Calle Méndez Vigo (Mendez Vigo Street) is a major thoroughfare in the western Puerto Rico municipality of Mayagüez with a length of about 1.22 miles (2 km). The street is oriented east–west with traffic running one-way westbound with the number of lanes going from one to two after the road passes Calle Ramón Emeterio Betances (formerly Post Street) in downtown Mayagüez. Some of the most important historical places in Mayagüez are located on this street:

- E. Franco & Co (the house of the "Brazo Gitano Franco")

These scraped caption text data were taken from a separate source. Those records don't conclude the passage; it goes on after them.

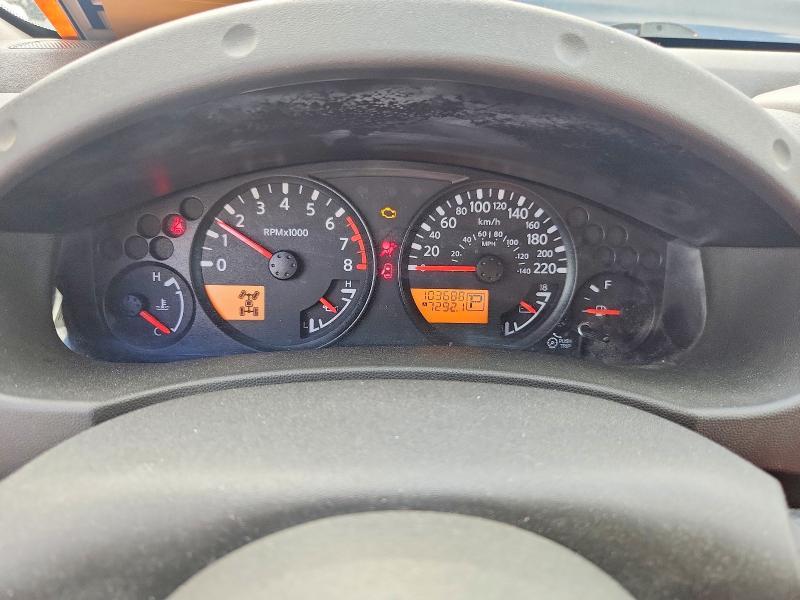 2016 Nissan Frontier SV V6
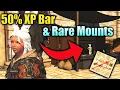 Best tool for leveling and getting rare mounts FFXIV Wondrous tails Guide
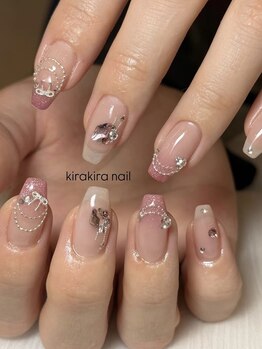 レアネイル(Le'a nail)/無制限10本アートコース¥7500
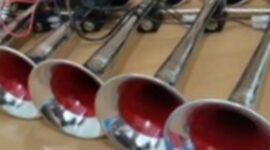 Klakson telolet. (Dok. Bukalapak.com)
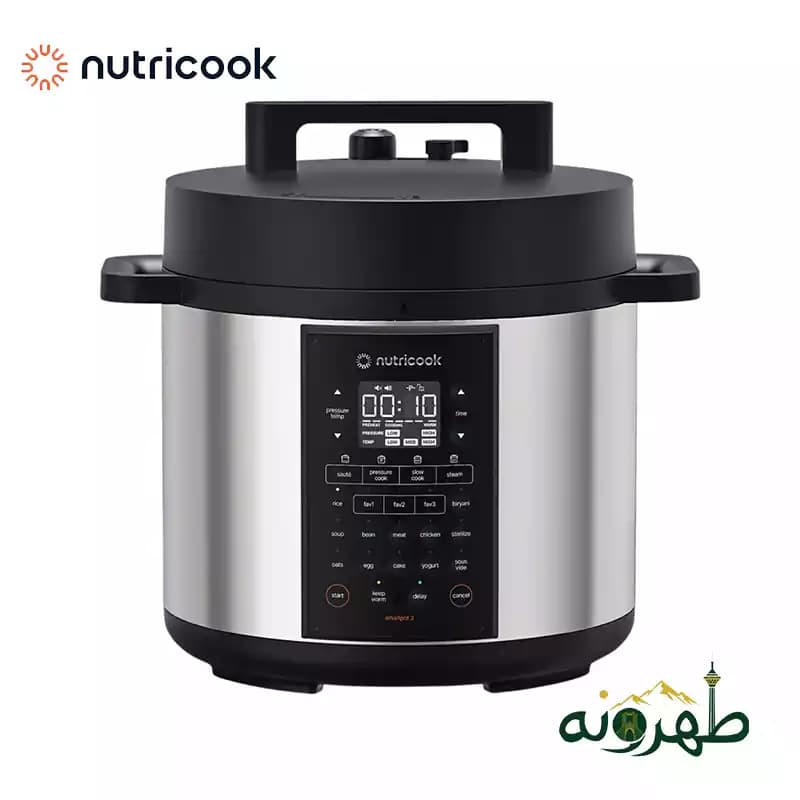 پلوپز نوتریکوک مدل nutricook SP-320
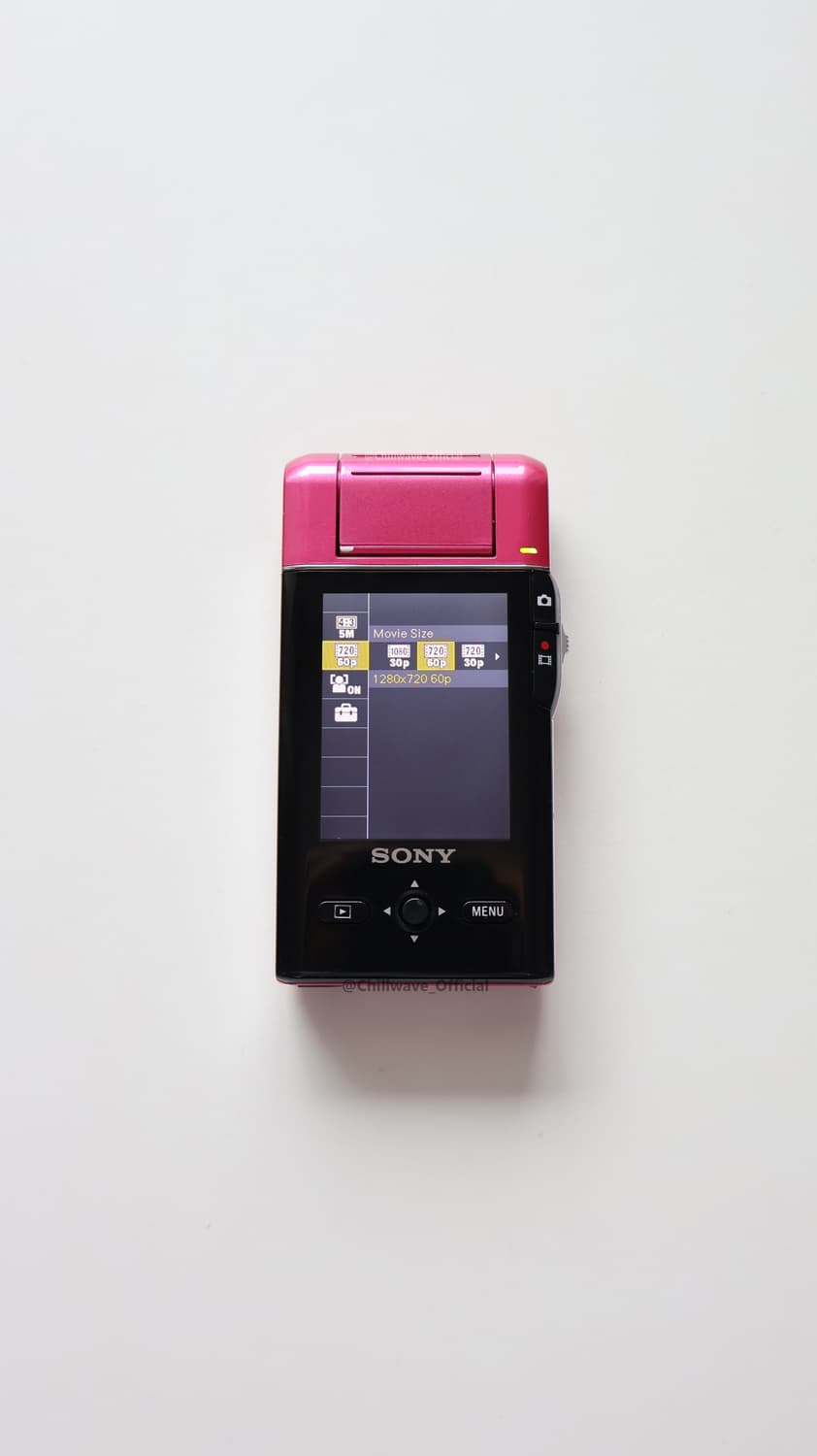 SONy MHS-PM5 Pink 상품이미지5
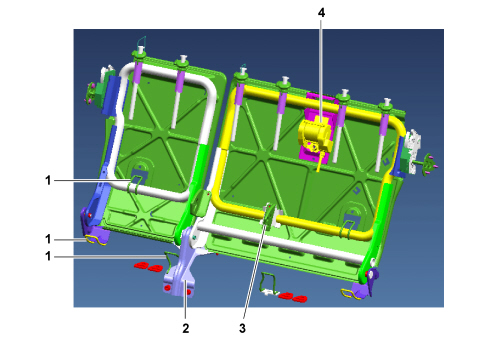 INTRODUCTION - REAR SEATS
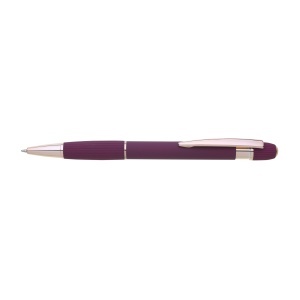 ADO AUREO SOFT RE Metal ballpoint pen - Img 4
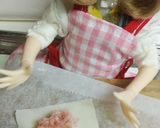 リカちゃん♡中華雲呑スープ｡.:✤*゜作り方11写真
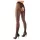 Cottelli - Bas résille rayé - lingerie érotique - 2/M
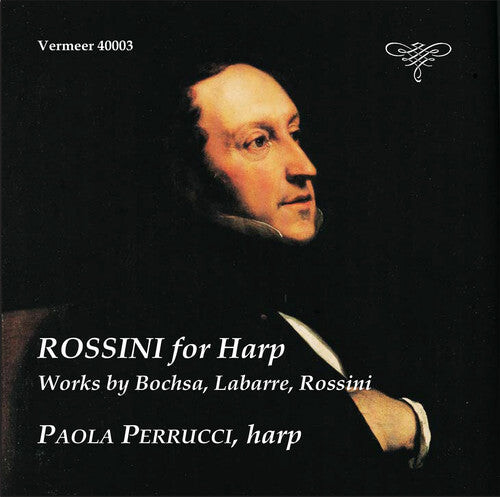 CD диск Bochsa / Rossini / Labarre / Perrucci: Rossini for Harp
CD диск Bochsa / Rossini / Labarre / Perrucci: Rossini for Harp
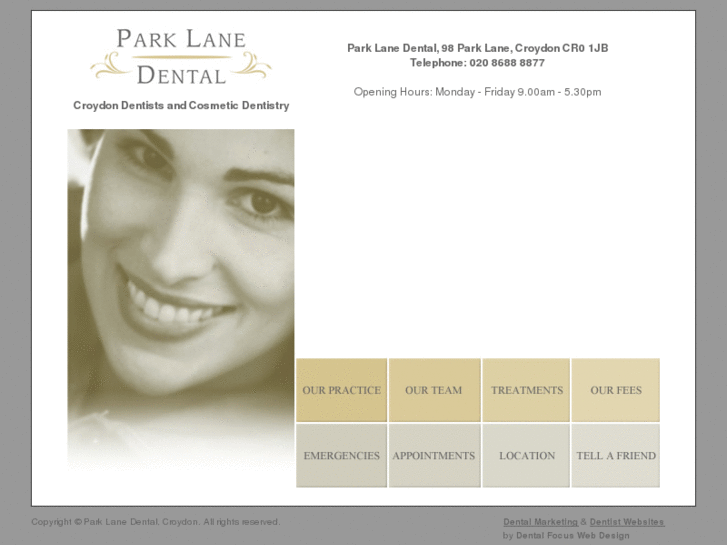 www.parklanedental.co.uk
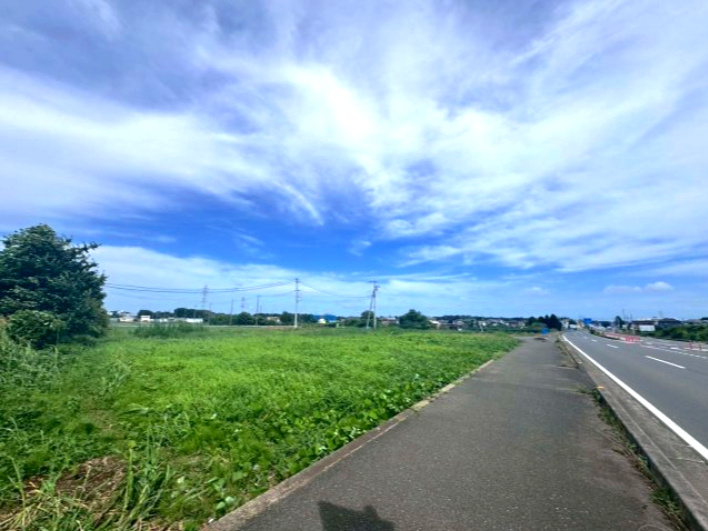 土地　所沢市下富の周辺|ドライブインサービスに最適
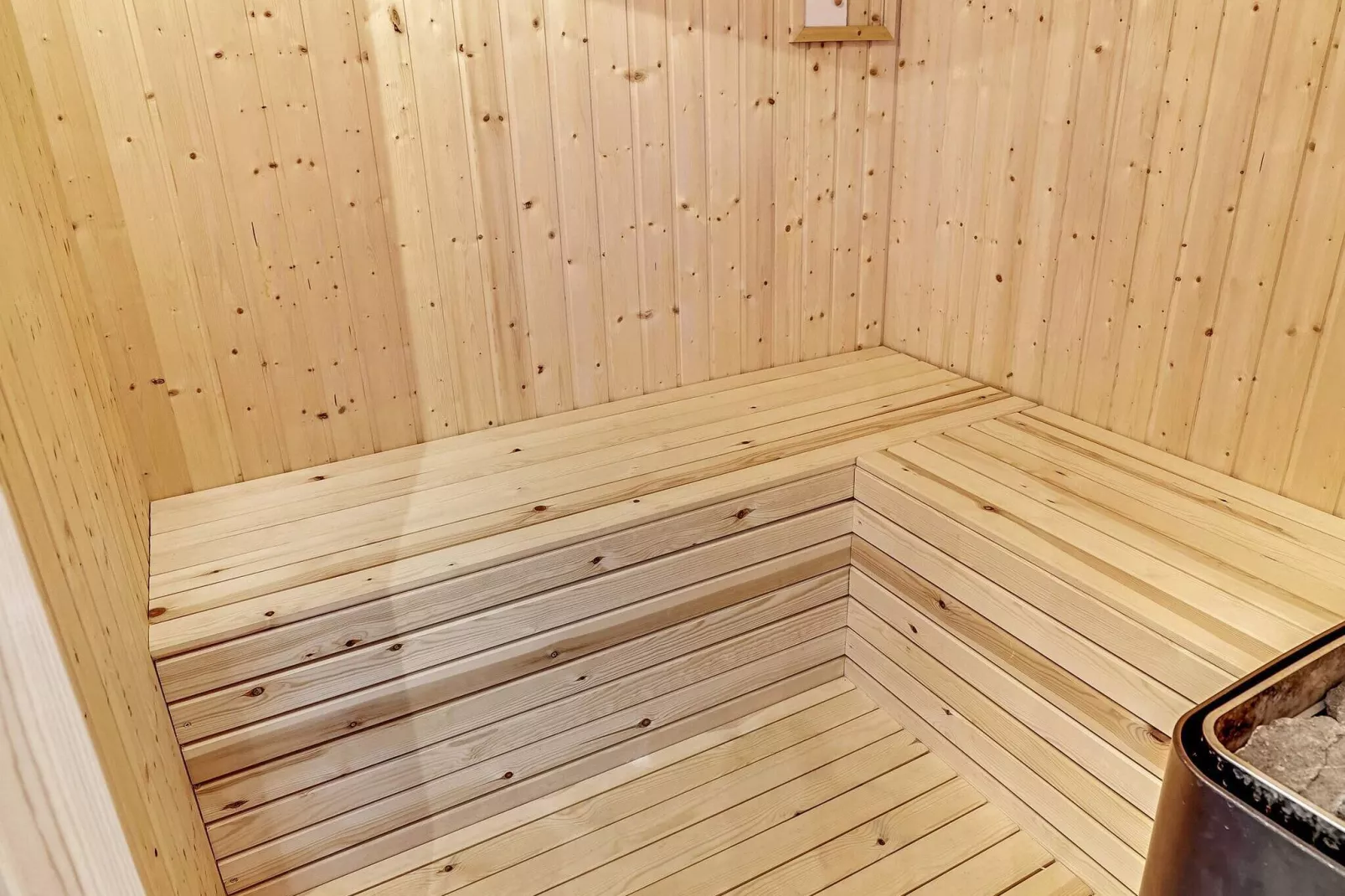 8 person holiday home in Hjørring-By Traum-Sauna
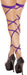 Women Criss Cross Sparkle Glitter Rhinestone Crystal over Knee Thigh High Stockings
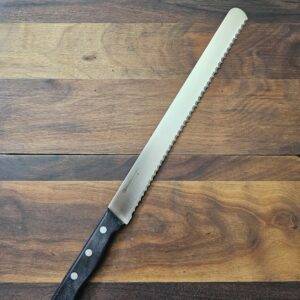 MISONO - Coltello Pane/Seghettato 300mm -Inox Molibdenum- Made in Japan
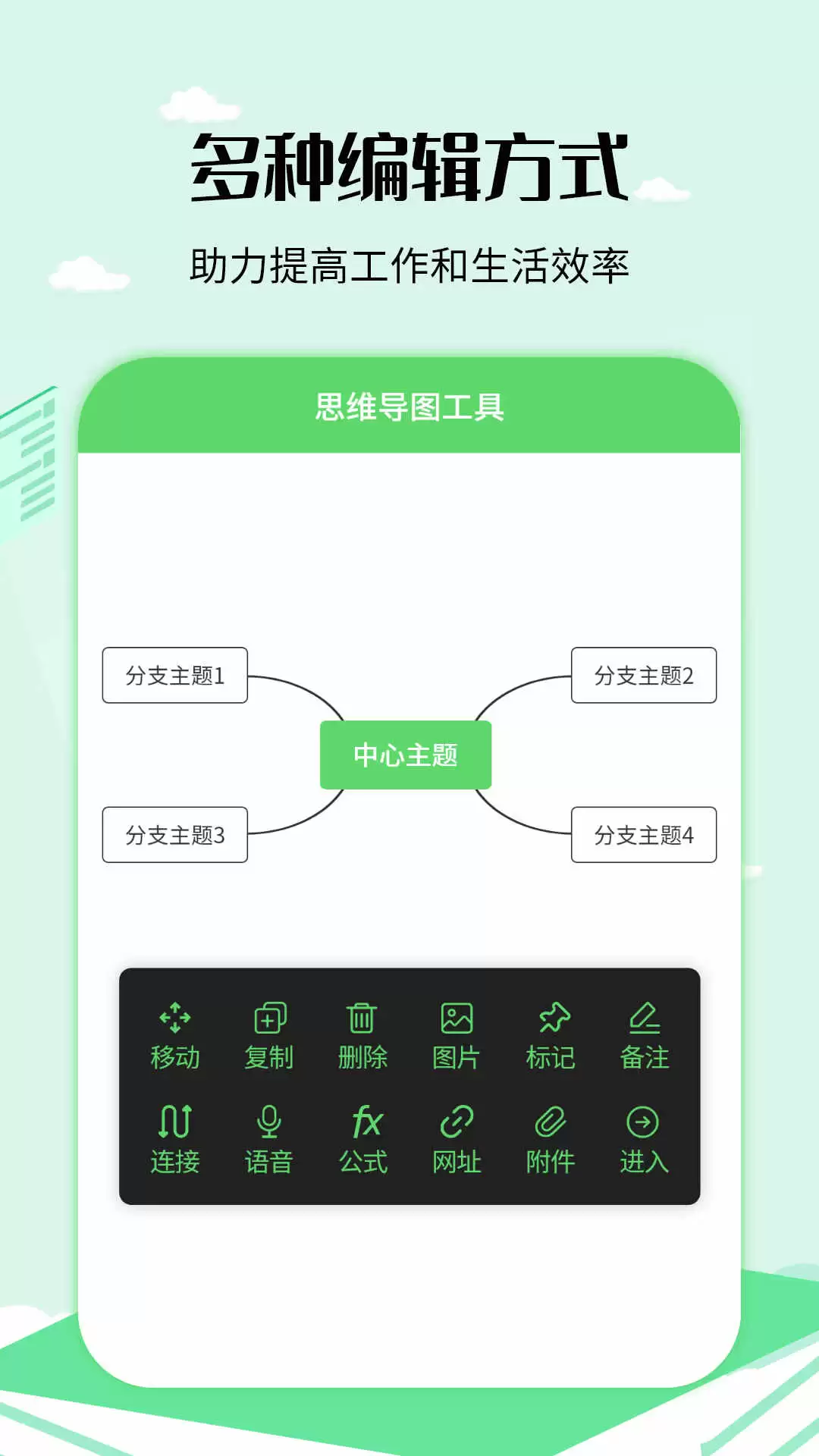 思维导图软件推荐｜高效易用的思维导图制作工具精选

- Escuela Mariano Riera Palmer
- Iglesia Católica de Nuestra Señora del Carmen
- Edificio Darlington
- Parque Suau, Casa Gómez
- Antiguo Hospital Ramírez
- Casa Casals-Defilló
- Edificio Westernbank
- Iglesia Central Presbiteriana
- Edificio la Palma
- Edificio La Bolsa
- Panadería y Repostería Ricomini
- Municipal Historical Archives (Teatro Riera)
- Teatro Balboa

==History of the name==
The street is named after Spanish General Santiago de Méndez Vigo, who was Governor of Puerto Rico during the early 1840s. The Great Fire of 1841 on January 30 destroyed much of the Villa; of the 700 houses in Mayagüez, only 40 remained. Governor Santiago Méndez Vigo was informed and he immediately headed towards Mayagüez on horseback with a few of his assistants. The governor brings with him 20,000 pesos in silver coins to help the victims of the fire. The Villa of Mayagüez in a gratefulness to the Governor changes the name of the main street to Méndez Vigo. Before the street was called Calle Comercio (Commerce Street).